Bring on baby number three! Just five years on and my baby memory banks seem to be worryingly empty. Perhaps there was never very much in them to begin with. Baby number three finds me working at home, a significant change from that long gone age. Now I am immersed in the new life of a growing baby and am appalled at what I have discovered.

Donna spends just about every waking moment with baby Isabella, as well as a number of non waking moments! Life for her has become an endless stream of dirty nappies, gurgling, crying, eating, puking, and variable timed naps. There is also a fair bit of screaming, and the jury is out on who is louder, mother or daughter!

I look on in horror as Donna calmly deals with the inanely boring routine of rearing a baby, and then mixes it up with the continuous demands of mom’s taxi. I certainly missed all of this whilst beavering away at work. I am beginning to think that it is far easier to bash out business plans, create national strategies, deal with belligerent customers, and fire some staff, than devote your waking day to the needs of a young mushroom completely unable to communicate.

I have come to the conclusion that there can be no substitute for a mother’s love and no doubt mothers pay dearly for that love in terms of their sanity. I do need to come clean and publically announce that I could not do it!

In just a couple of months (or perhaps a year or three), my daughter will proudly don her pink wetsuit and tightly grasp her pink surf board under her arm. Then perhaps I may be on my game then!

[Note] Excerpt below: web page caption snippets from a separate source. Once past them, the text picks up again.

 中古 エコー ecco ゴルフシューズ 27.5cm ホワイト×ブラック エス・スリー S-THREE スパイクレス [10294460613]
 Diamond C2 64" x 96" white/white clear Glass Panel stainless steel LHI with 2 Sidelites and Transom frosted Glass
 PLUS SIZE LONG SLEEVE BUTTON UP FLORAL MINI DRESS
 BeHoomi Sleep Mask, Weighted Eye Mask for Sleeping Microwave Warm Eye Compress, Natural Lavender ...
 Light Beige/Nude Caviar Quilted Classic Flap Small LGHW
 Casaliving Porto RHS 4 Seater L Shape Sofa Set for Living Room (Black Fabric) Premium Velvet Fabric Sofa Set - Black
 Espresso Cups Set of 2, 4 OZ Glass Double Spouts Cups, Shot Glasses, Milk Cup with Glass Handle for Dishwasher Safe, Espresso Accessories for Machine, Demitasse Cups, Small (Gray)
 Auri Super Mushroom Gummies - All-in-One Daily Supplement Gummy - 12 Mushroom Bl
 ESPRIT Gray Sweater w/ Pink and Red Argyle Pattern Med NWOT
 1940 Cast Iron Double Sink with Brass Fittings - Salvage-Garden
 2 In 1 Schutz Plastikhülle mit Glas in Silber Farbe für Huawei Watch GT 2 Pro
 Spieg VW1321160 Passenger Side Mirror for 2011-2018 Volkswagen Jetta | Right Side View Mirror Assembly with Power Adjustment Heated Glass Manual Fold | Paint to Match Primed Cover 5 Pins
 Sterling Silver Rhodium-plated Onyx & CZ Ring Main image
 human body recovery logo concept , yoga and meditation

For now, I can but bow respectfully to my wife and thank her for her incredible patience with all of the rest of us, for her great sacrifice in terms of her body and her time, and for the endless quantities of love that she pours into this new being. Our daughter!

And to all the other moms out there – you guys rock too!

3 comments:

A Daft Scots Lass said...

This post is brilliant! I think most dads / husbands feel the same as your do but its just that they don't verbalise it or are able to write it as eloquently as you.

Thanks for this post.

Mark Eames said...

You are probably right (about the husband thing, not the brilliant thing)!!

It is so frustrating to feel so inept, but it does mean that I just need to love my wife more!!

elizabeth said...

Yep. It just reaffirmed that two will do. I think a third would make me go over the edge. Nice of you to shout out to the moms!